Rugendas ha padecido ya tres infartos para entonces y sabe que su vida pende de
un hilo. Son muy conmovedoras estas escenas en las que los dos viejos amigos,
vencidos por los años y rodeados por el civilizado jardín inglés donde
conversan, evocan aquella bravía juventud en aquel fin del mundo sin domesticar
donde la vida no era rutina y paz sino desafío y peligro, violencia y goce, y
donde la muerte estaba siempre rondando la vida.
El
libro se lee con facilidad y con placer y, también, con cierta melancolía,
porque nos recuerda una época en la que, impregnada por el romanticismo,
América Latina parecía ser ella misma una de esas novelas de grandes pasiones y
arriesgadas aventuras que tanto seducían a los lectores europeos, ávidos de
paisajes exóticos y de destinos fuera de lo común. Como Rugendas, como Darwin,
muchos europeos llegaron hasta estas costas remotas, a estudiar la naturaleza,
a transmutarla en arte, a vivir la aventura de la conquista y de la guerra, o a
explorar las ruinas de esos antiquísimos imperios sepultados por las selvas o
los vestigios de ciudades construidas en lo alto de cordilleras imposibles.

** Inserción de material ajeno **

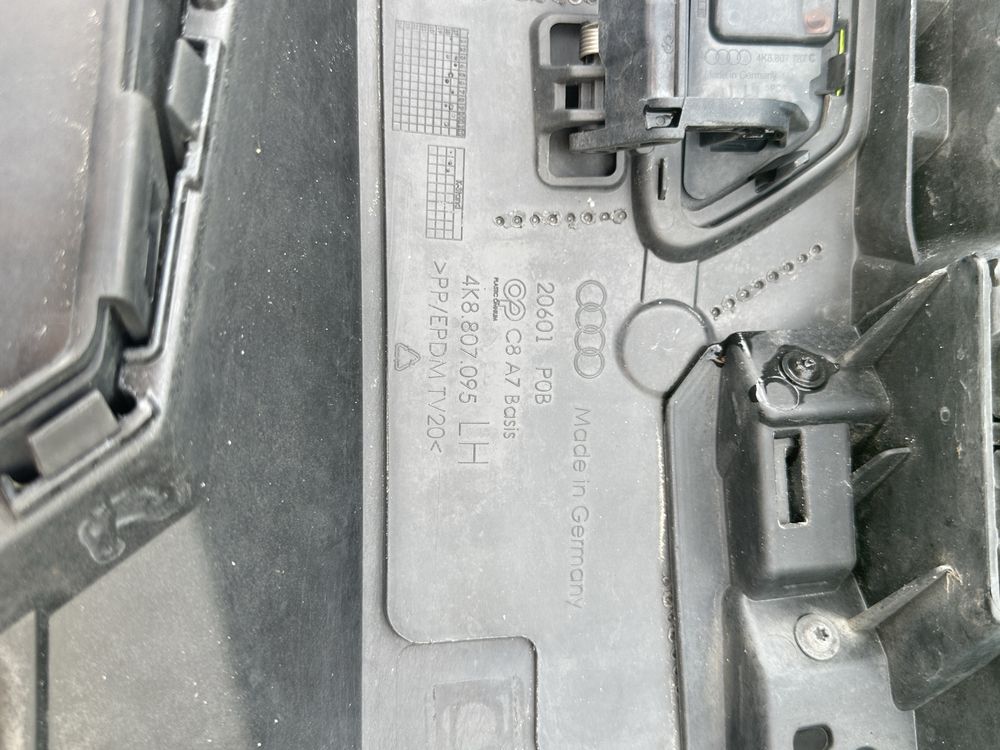 Bara fata Audi A7, grila fata Audi A7, scut Audi A7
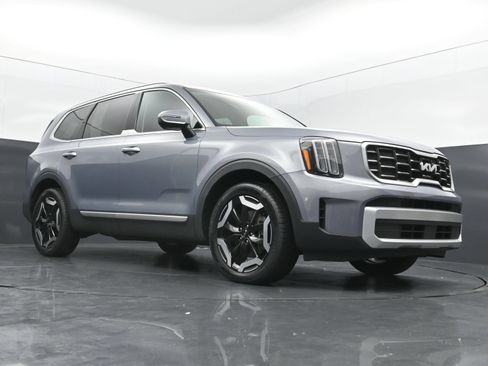 Used 2025 Kia Telluride S FWD image 42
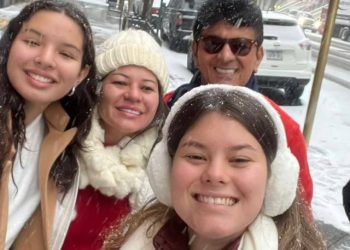 SOCIEDADE: Aroldo Francisco passa as festas de fim de ano em Nova Iorque em família e MAIS…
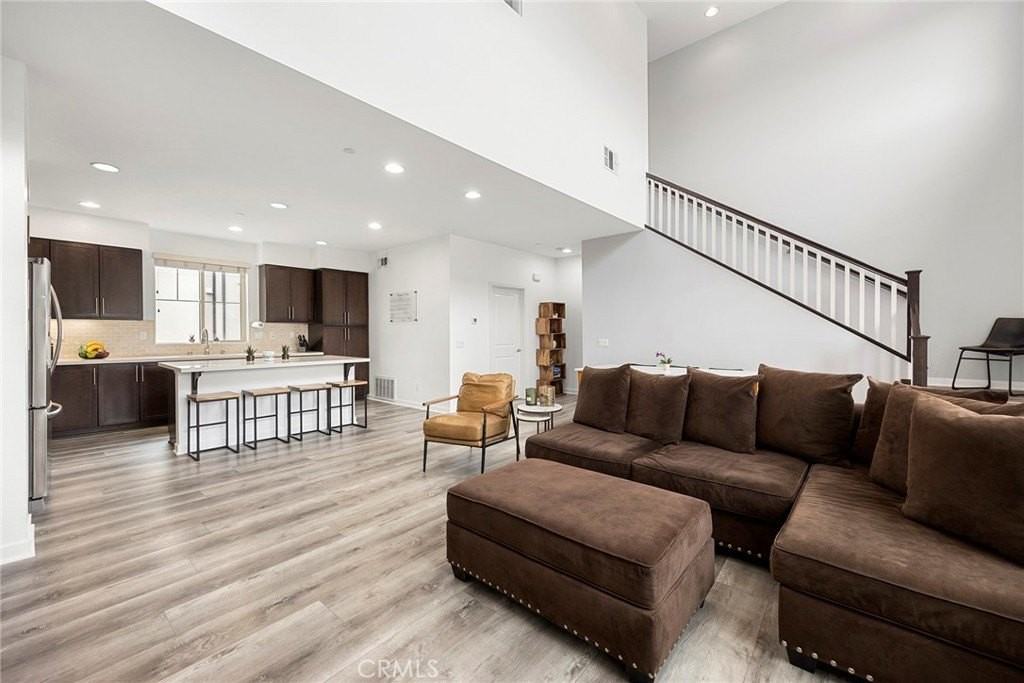 6 Alzada St - Photo 6 of 32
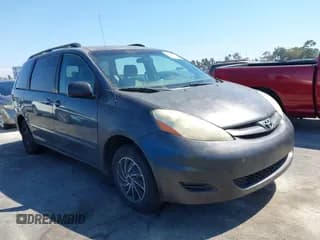 ✅ 2006 Toyota Sienna CE • VIN: 5TDZA23CX6S544288 • Lot: 43242762. Wystawiony na IAAI z przebiegiem 172 809 mil. Bezpłatny archiwum sprzedaży aukcyjnych z USA i szczegółowy raport historii pojazdu na DreamBid. Zdjęcie 1.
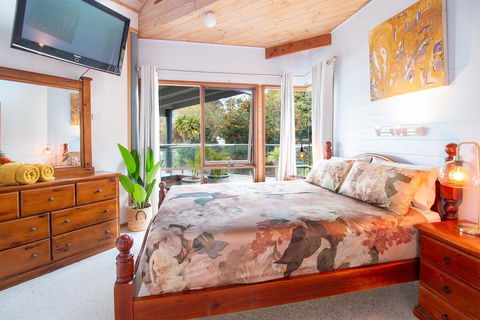 Coota Views - Accommodation Noosa 0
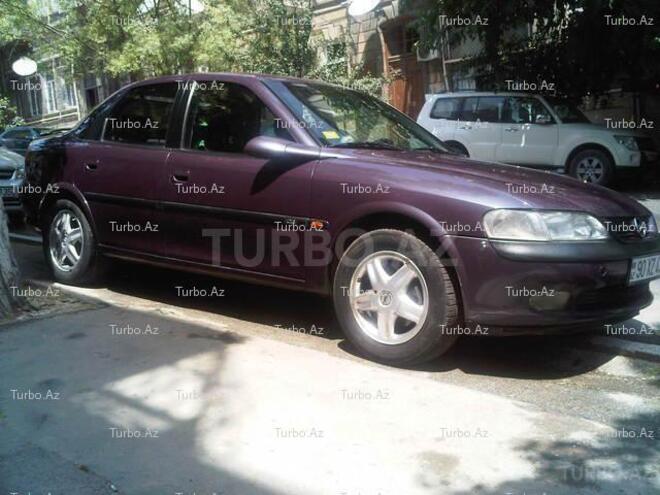 Opel Vectra 1997, 215,500 km - 2.0 l - Bakı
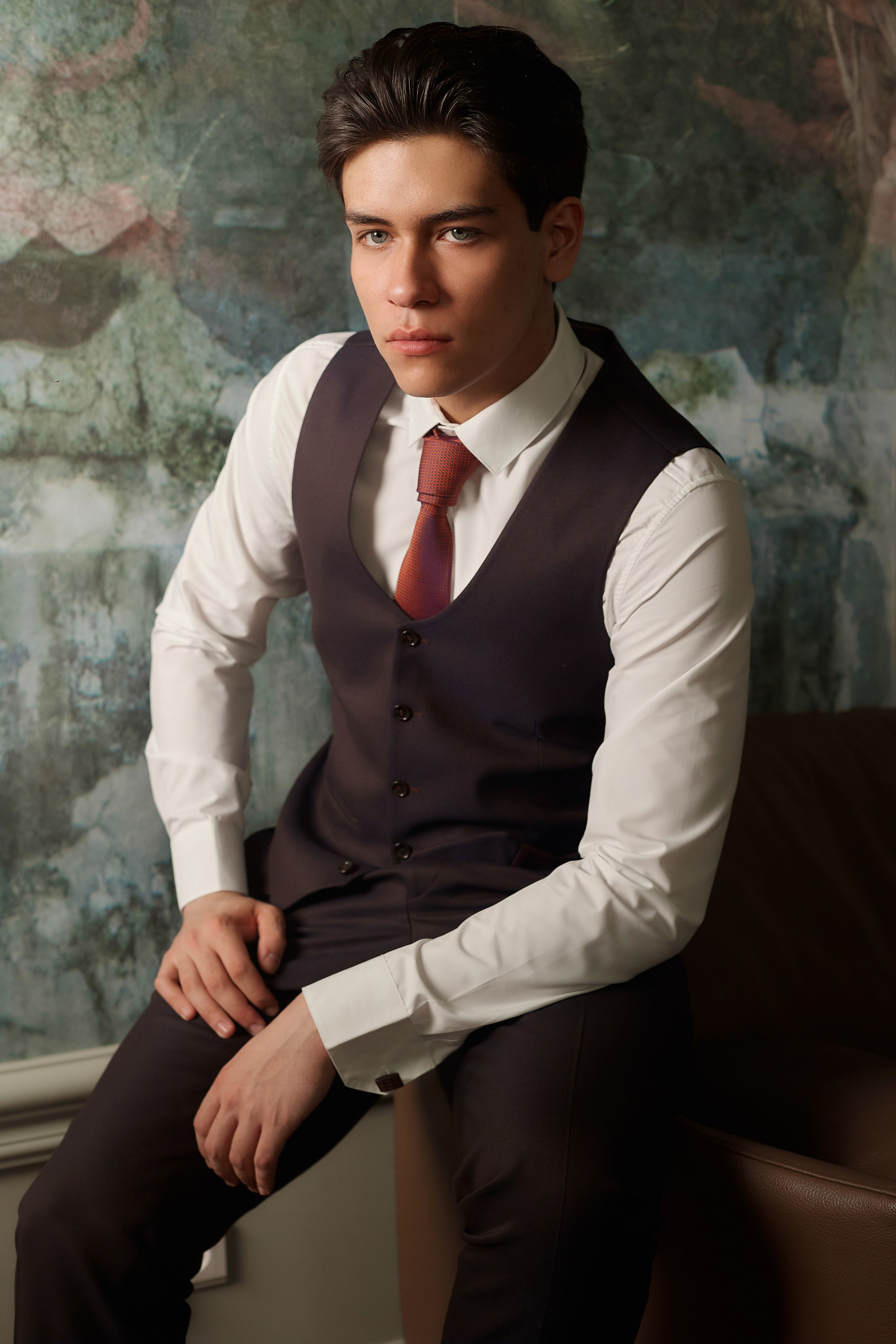 Журнал «Свадебный салон». Магазин мужской одежды Mister. Виктория Ларина — Портретный профессиональный фотограф в Иркутске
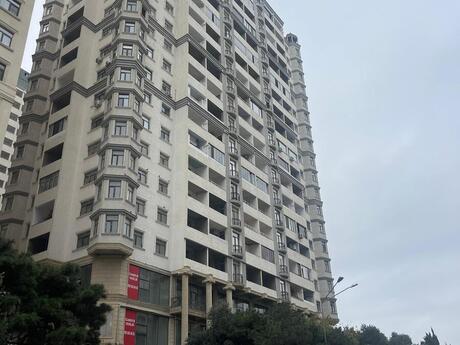 Elan №6367239 - Bakı, Şah İsmayıl Xətai m., 4 otaqlı, 157 m², 5/18 mərtəbə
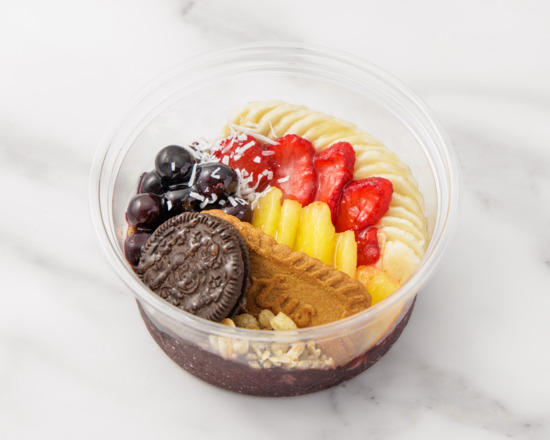 アサイー工房 パインアサイーボウルinオレオ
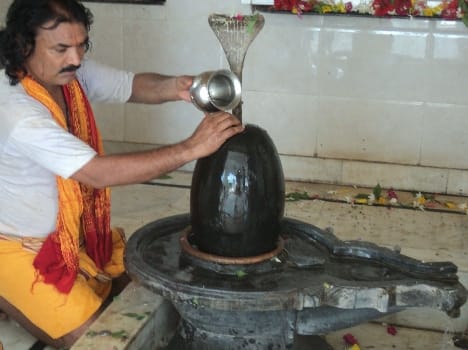 Bankeganj temple water recharge system launched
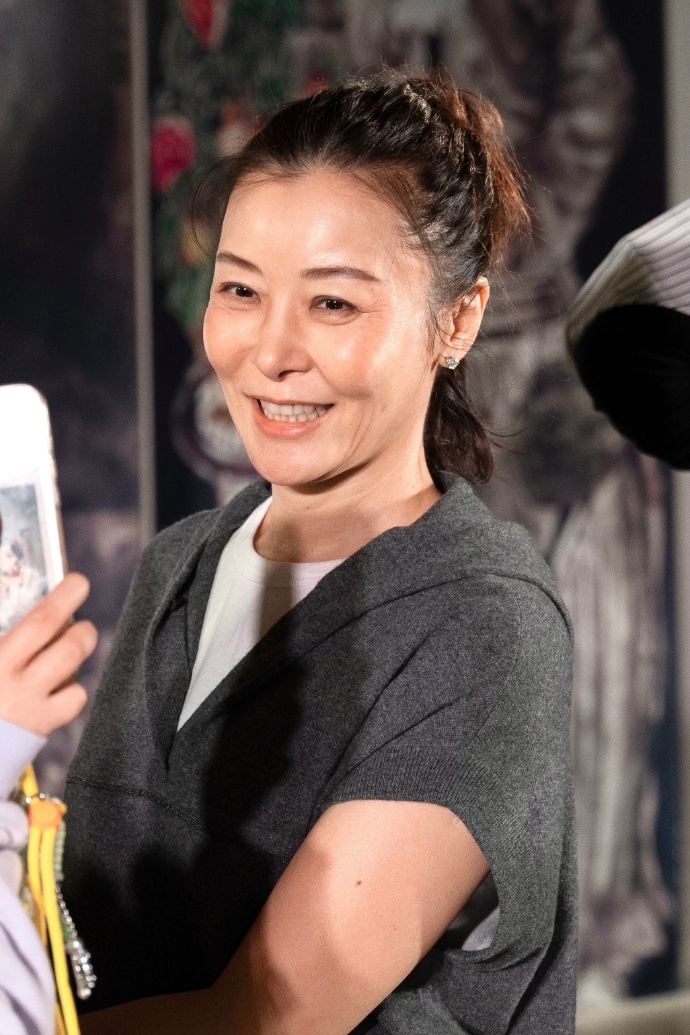 抢走王朔，睡遍京圈，定居国外9年的“坏种”徐静蕾，成最终赢家
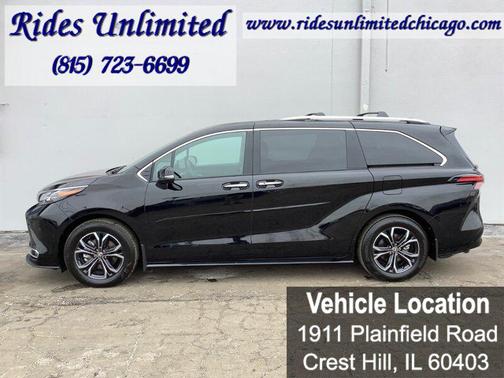 2025 Toyota Sienna Platinum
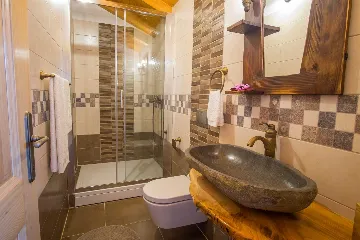 3-Bedroom House with Private Pool in Dobrinj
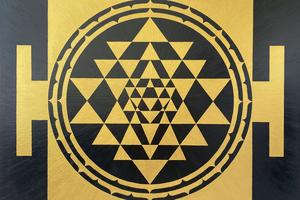 Shri Yantra Gold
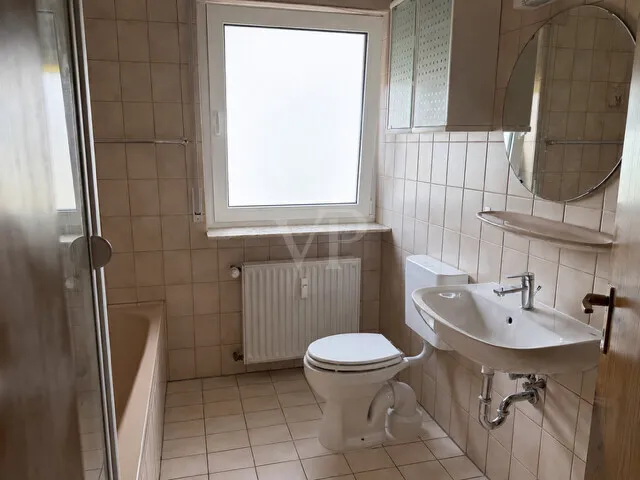 Badezimmer (kleine EG Wohnung)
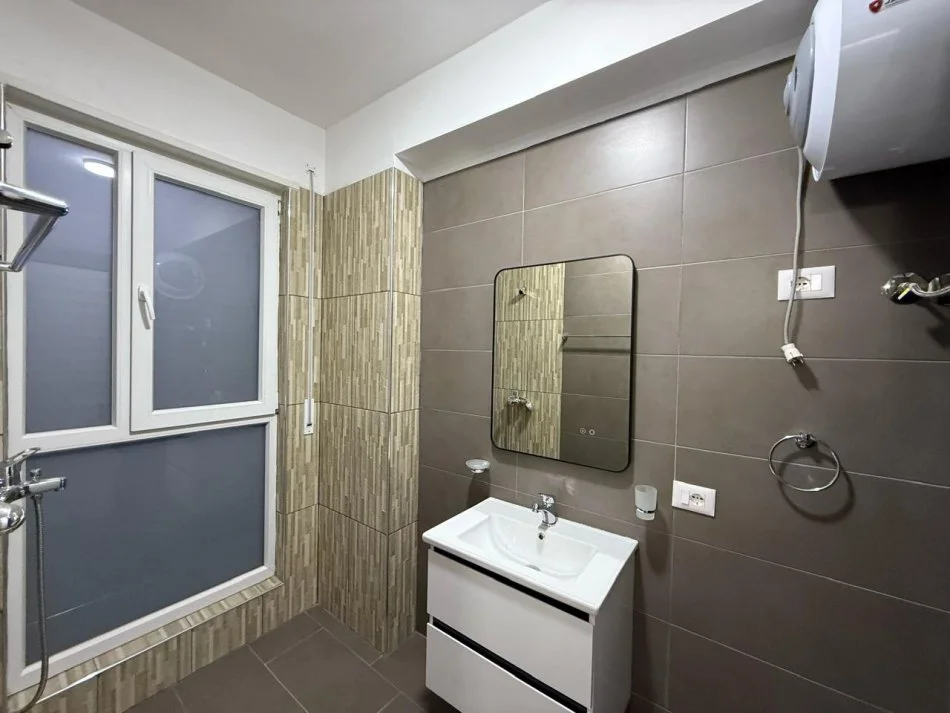 Tirane, jap me qera apartament 2+1+Ballkon Kati 3, 100 m² 750 € (rruga don bosko)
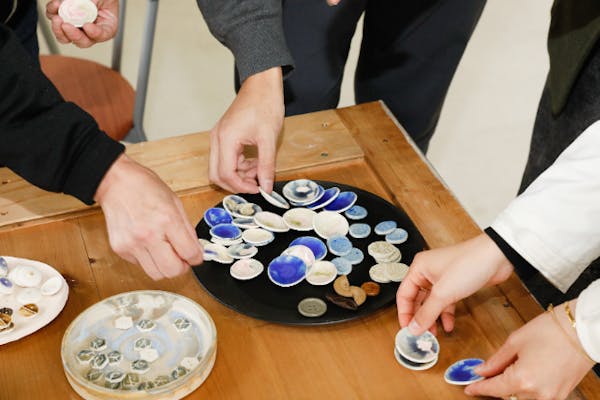 【k】　◆骨董品　蔵の扉、糸車の糸巻きで作ったテーブル◆ Amazon.co.jp: 糸巻き機木製糸車レトロ古道具大正和骨董旧家蔵出置物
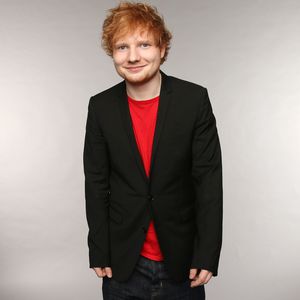 Baby verhüllt: Ed Sheeran mit Frau und Kinderwagen auf Tour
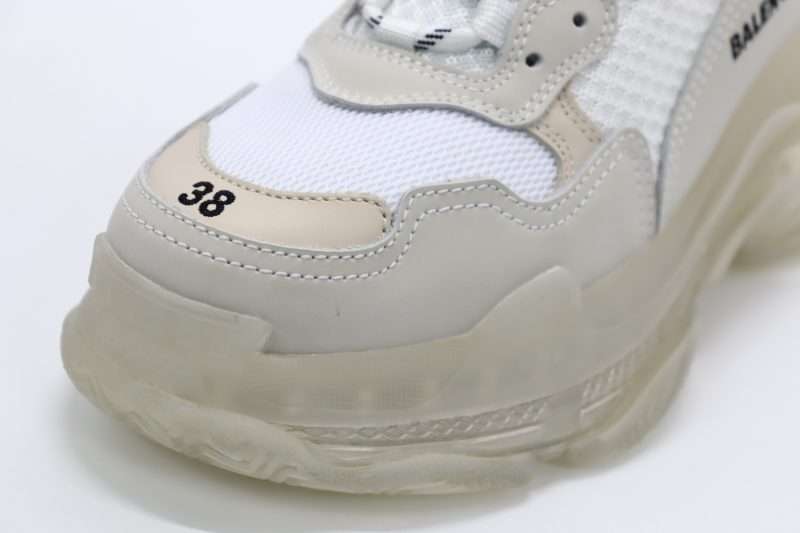 YESKICKS Balenciaga Triple S Clear Sole Sneaker Replica - Image 5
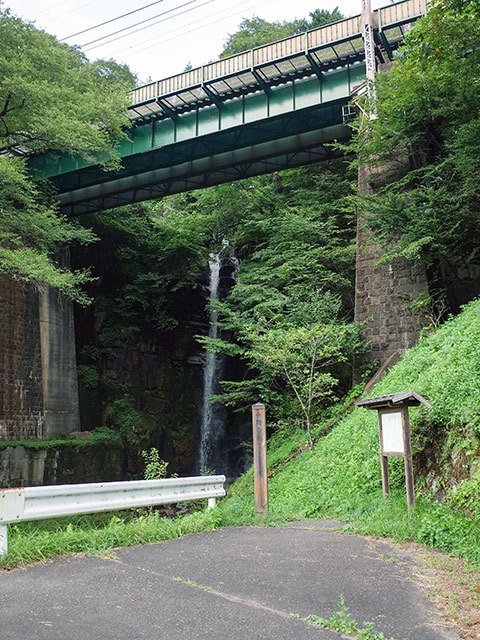 小野の滝01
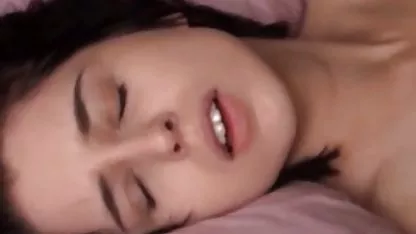 Encantadora sexo caliente parejas nena disfruta de kuni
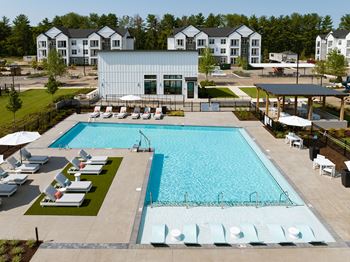 Resort-style pool with tanning ledge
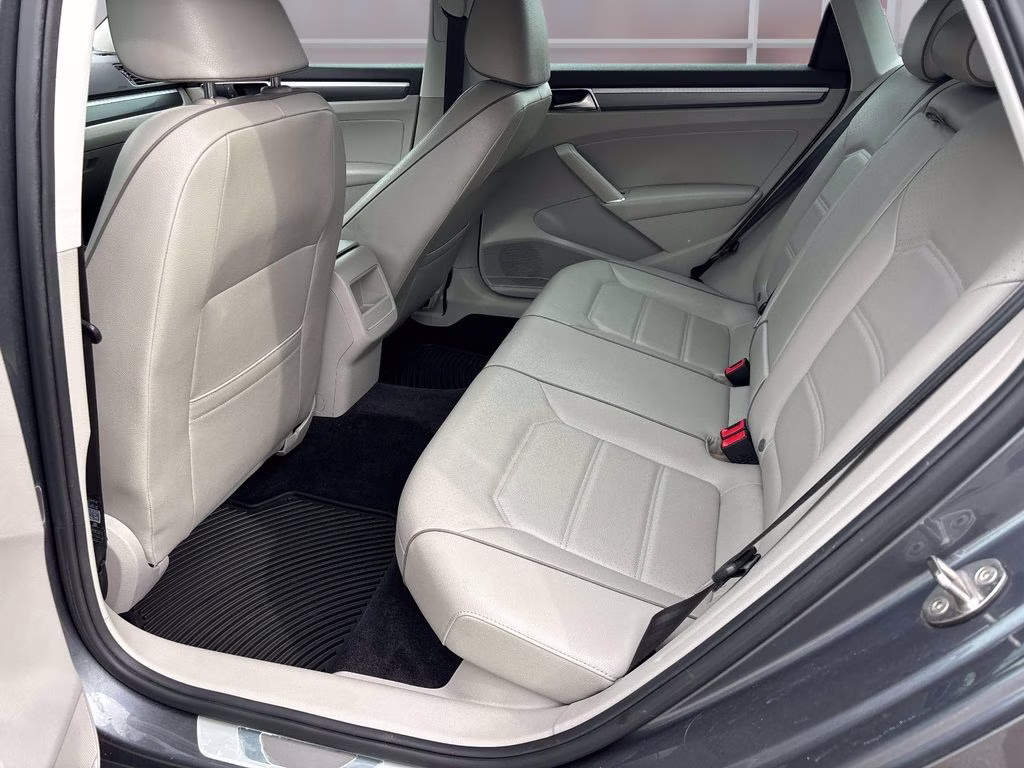 2018 Gray Volkswagen Passat FWD Sedan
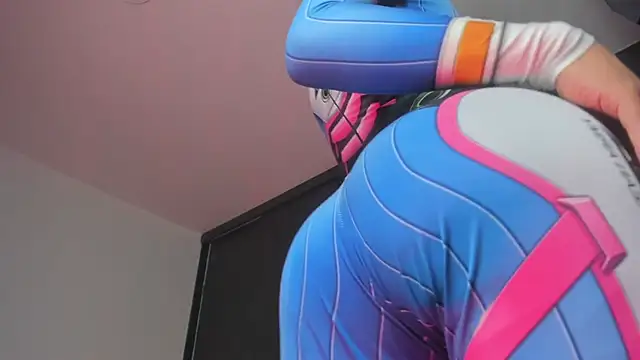 evaevanscute online show from 02-25-25, 02:26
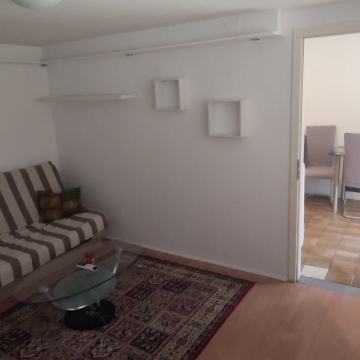 TREŠNJEVKA, JEDNOSOBNI STAN - 30 m2 - VELIKO DVORIŠTE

América Latina fue la depositaria de muchos sueños y mitos europeos y,
paradójicamente, los latinoamericanos los heredamos al extremo de llegar a
vernos y reconocernos en esas imágenes que la fantasía romántica fabricó sobre
nosotros. En todos los campos, pero sobre todo en el cultural y el político,
América Latina sirvió, en muchos momentos de su historia, para alimentar el
sueño europeo romántico de exotismo y aventura y llegó a ser nada más y nada
menos para la visión europea que una fantasía literaria. Sin habérselo
propuesto, Carlos Franz ha recreado en esta novela con eficacia y sutileza esa
transposición al mito y la leyenda de la realidad latinoamericana de dos
europeos —uno inglés y otro alemán— a los que estas tierras hicieron vivir las
fuertes emociones que buscaban y a consolidar su talento artístico y su genio.